## EXERCISE AIM
Write out the records that follow exactly. Do not include pictures.

Data entries
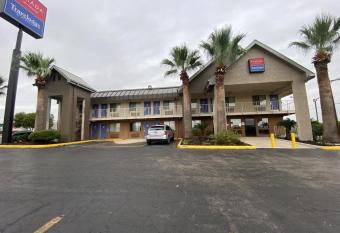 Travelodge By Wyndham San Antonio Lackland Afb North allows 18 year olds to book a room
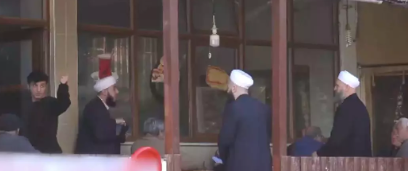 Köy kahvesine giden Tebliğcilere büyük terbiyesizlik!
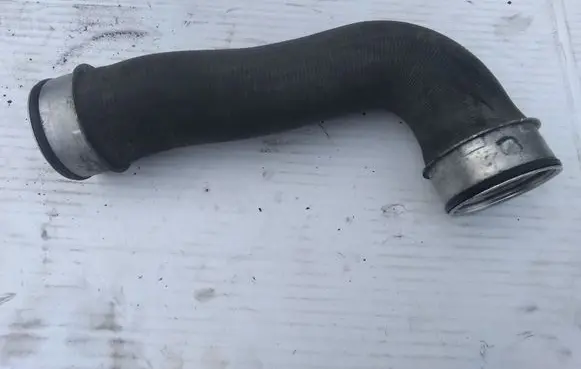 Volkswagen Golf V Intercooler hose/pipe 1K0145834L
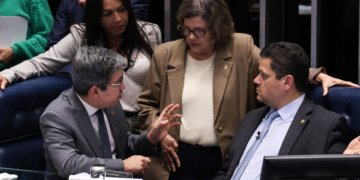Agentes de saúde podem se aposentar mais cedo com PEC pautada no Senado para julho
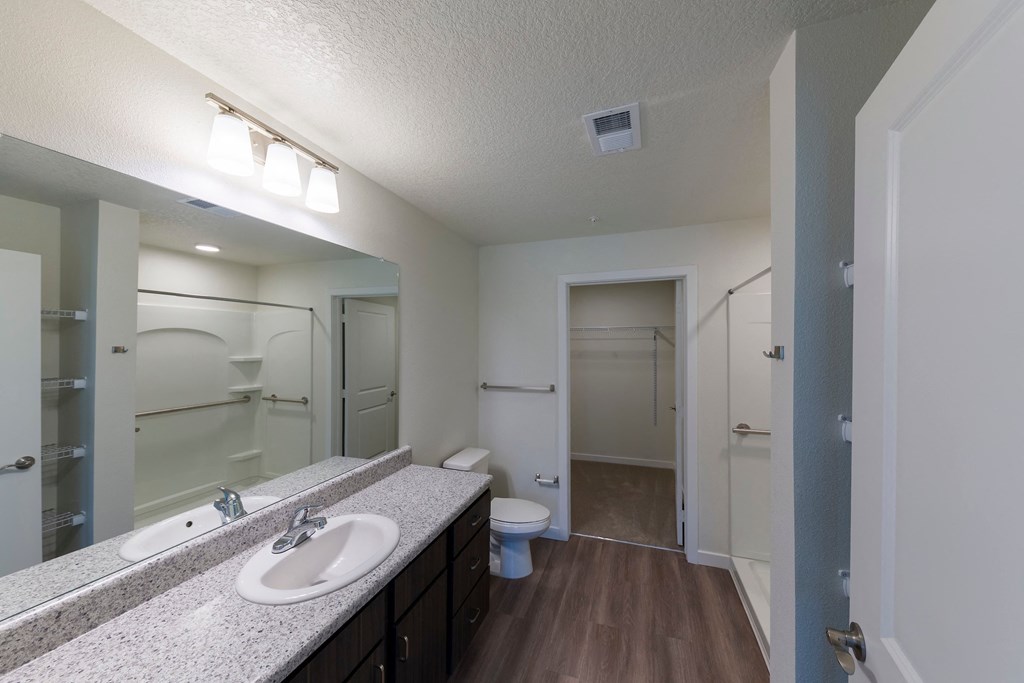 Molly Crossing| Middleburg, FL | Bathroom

## RESPONSE TO THIS EXERCISE
 Travelodge By Wyndham San Antonio Lackland Afb North allows 18 year olds to book a room
 Köy kahvesine giden Tebliğcilere büyük terbiyesizlik!
 Volkswagen Golf V Intercooler hose/pipe 1K0145834L
Agentes de saúde podem se aposentar mais cedo com PEC pautada no Senado para julho
 Molly Crossing| Middleburg, FL | Bathroom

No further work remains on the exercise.